### Task details
Retype every line from the start of the data down to and including the line with "摄图网_500986504_wx_女性牙齿健康（企业商用）.jpg". Skip the pictures.

(Brief descriptive captions)
---+---
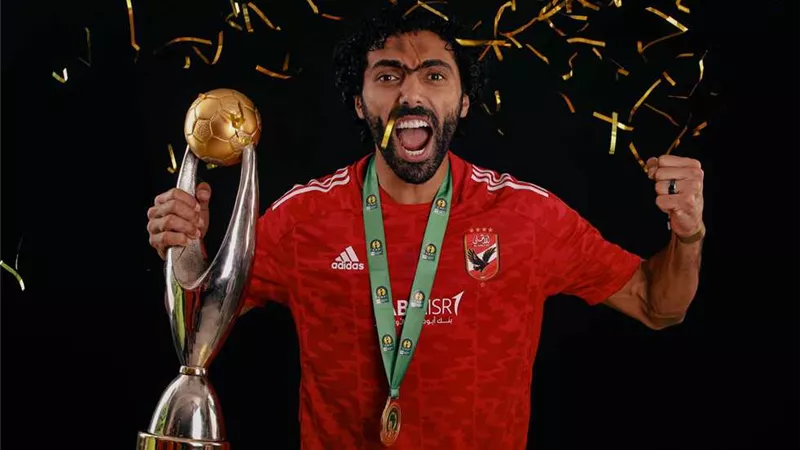 كيف واجه حسين الشحات شائعات رحيله عن الاهلى؟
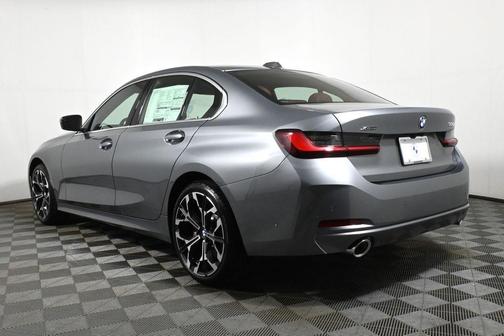 2025 BMW 330 i xDrive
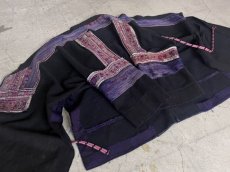 画像2: 貴州省・革一苗族（ge yi miao）木綿藍染・刺繍ジャケット　（アンティーク）老奶奶的衣服 (2)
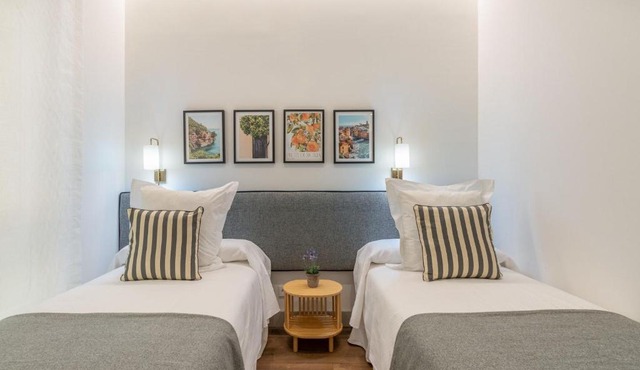 2 single beds in Chamberi in Madrid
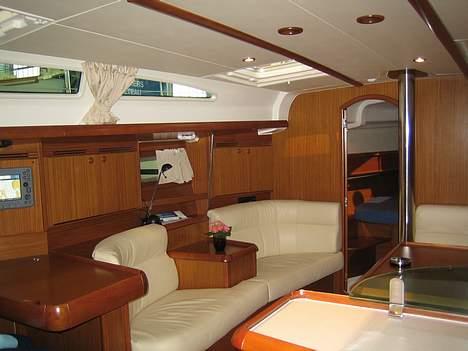 Jeanneau 40,3 - Salon bagbord side billede 3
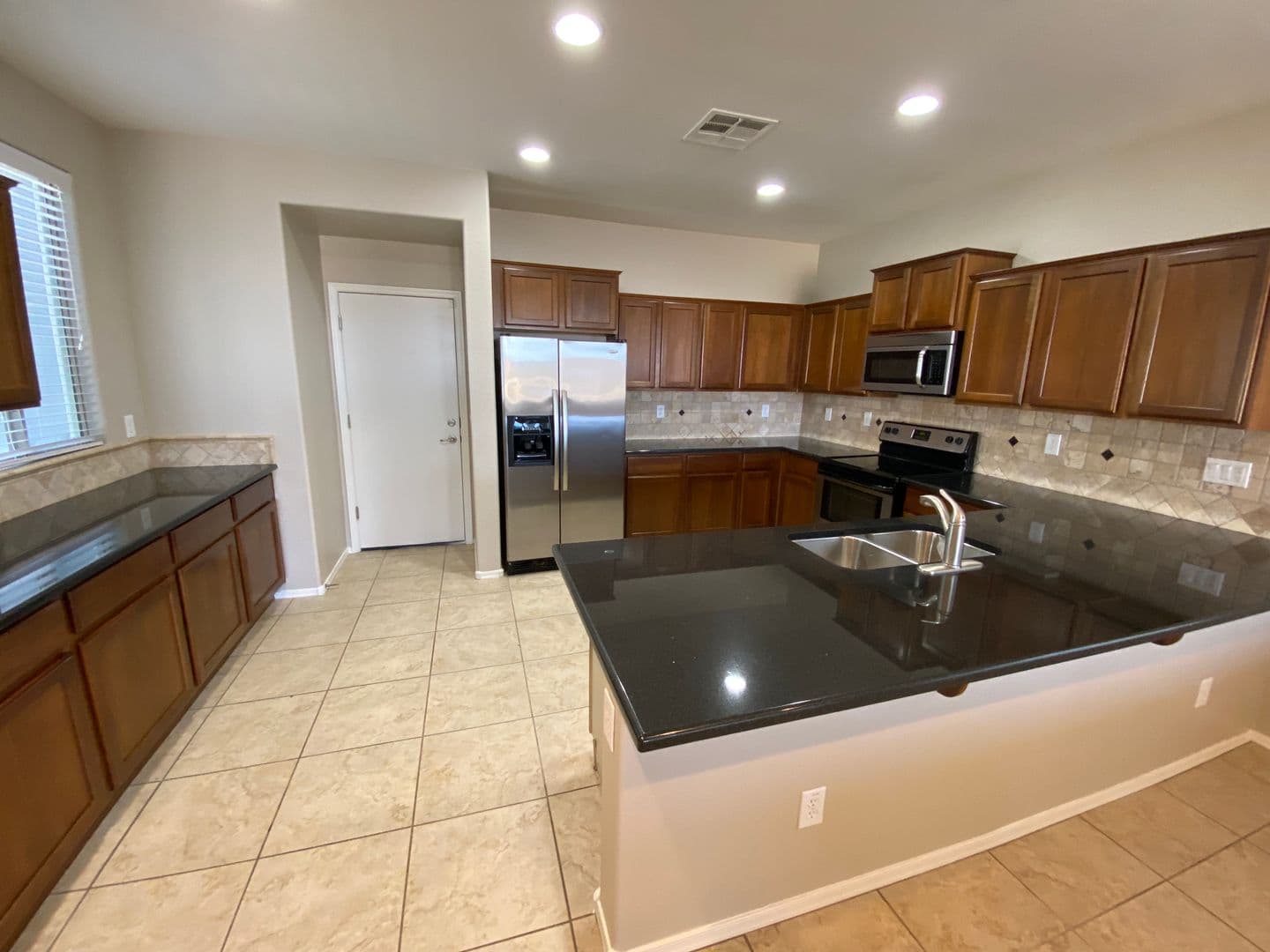 Maricopa House: 36971 W Oliveto Ave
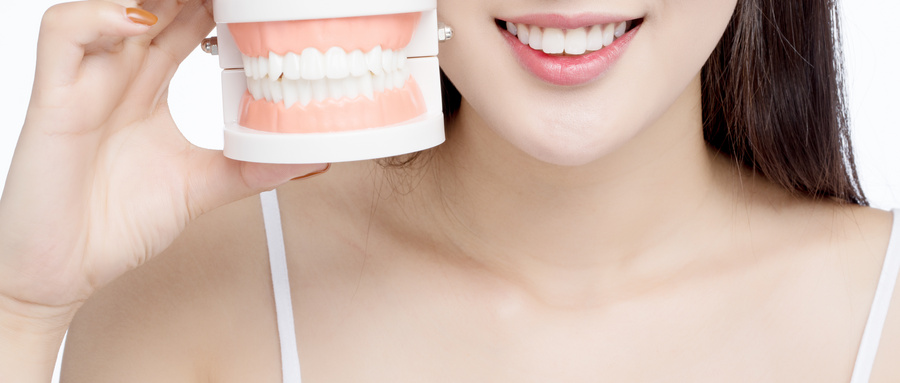 摄图网_500986504_wx_女性牙齿健康（企业商用）.jpg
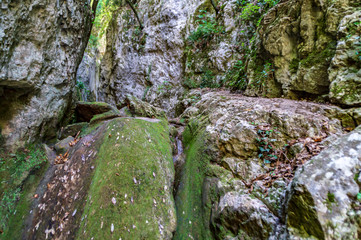 Gola di Jana nel sentiero 168 a Braccano nelle Marche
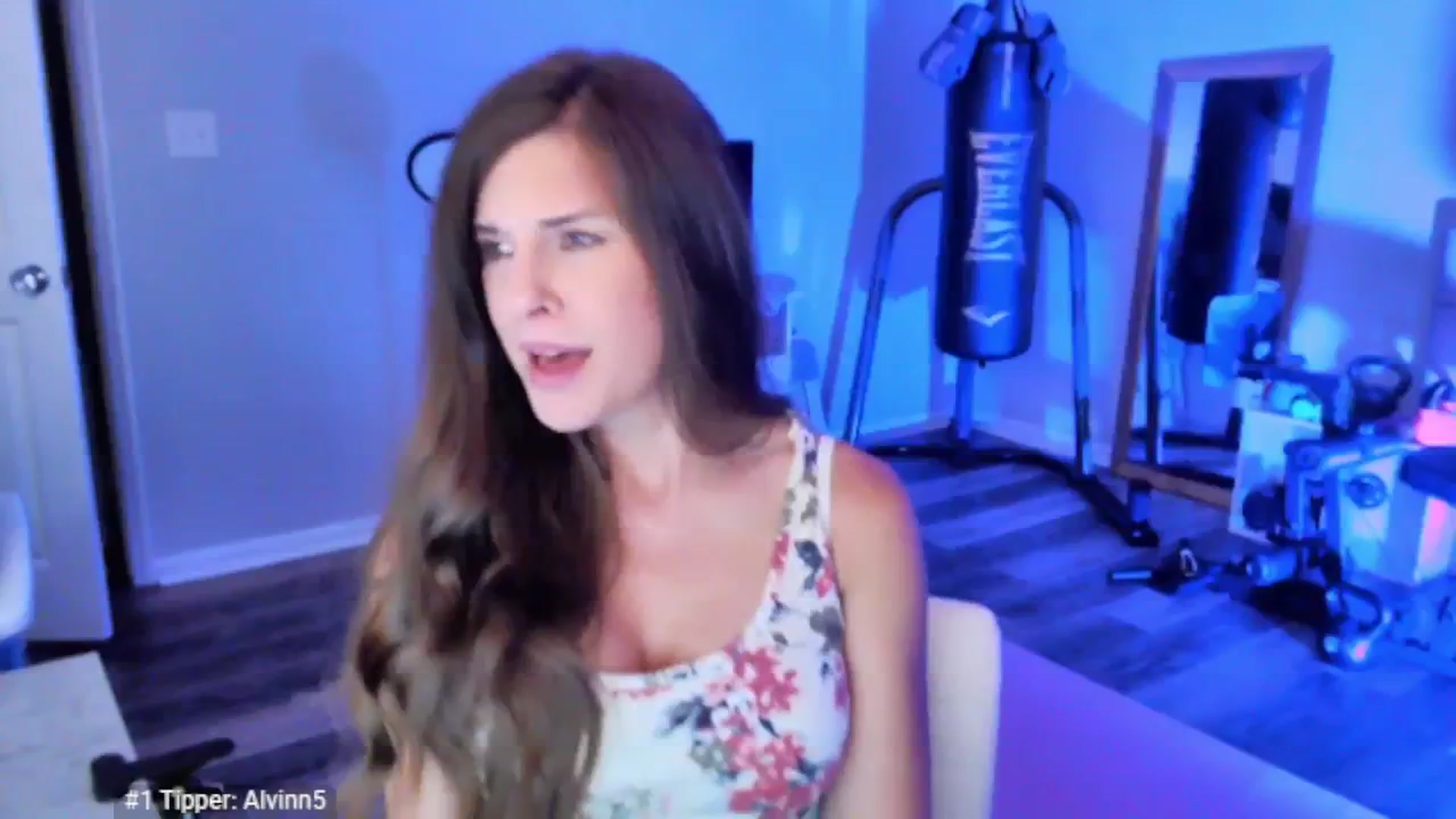 Gallery image thumbnail from Anna__Online's myfreecams stream on, 04/06/2025, 03:53 image 2 of 20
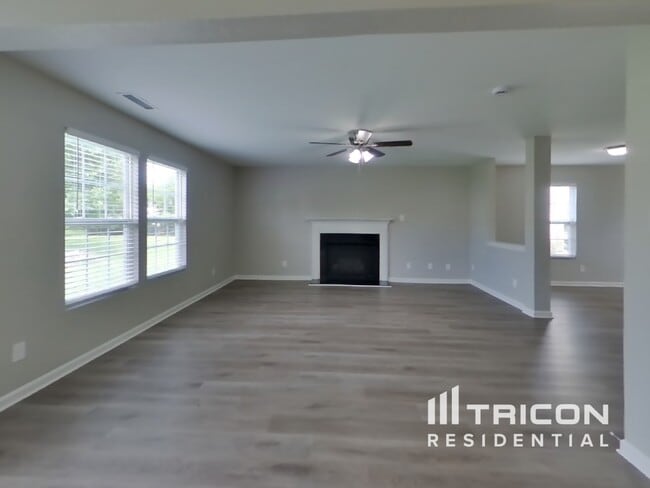 Building Photo - 12724 Frank Wiley Ln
---+---
### Answer
 كيف واجه حسين الشحات شائعات رحيله عن الاهلى؟
 2025 BMW 330 i xDrive
 画像2: 貴州省・革一苗族（ge yi miao）木綿藍染・刺繍ジャケット　（アンティーク）老奶奶的衣服 (2)
 2 single beds in Chamberi in Madrid
 Jeanneau 40,3 - Salon bagbord side billede 3
 Maricopa House: 36971 W Oliveto Ave
 摄图网_500986504_wx_女性牙齿健康（企业商用）.jpg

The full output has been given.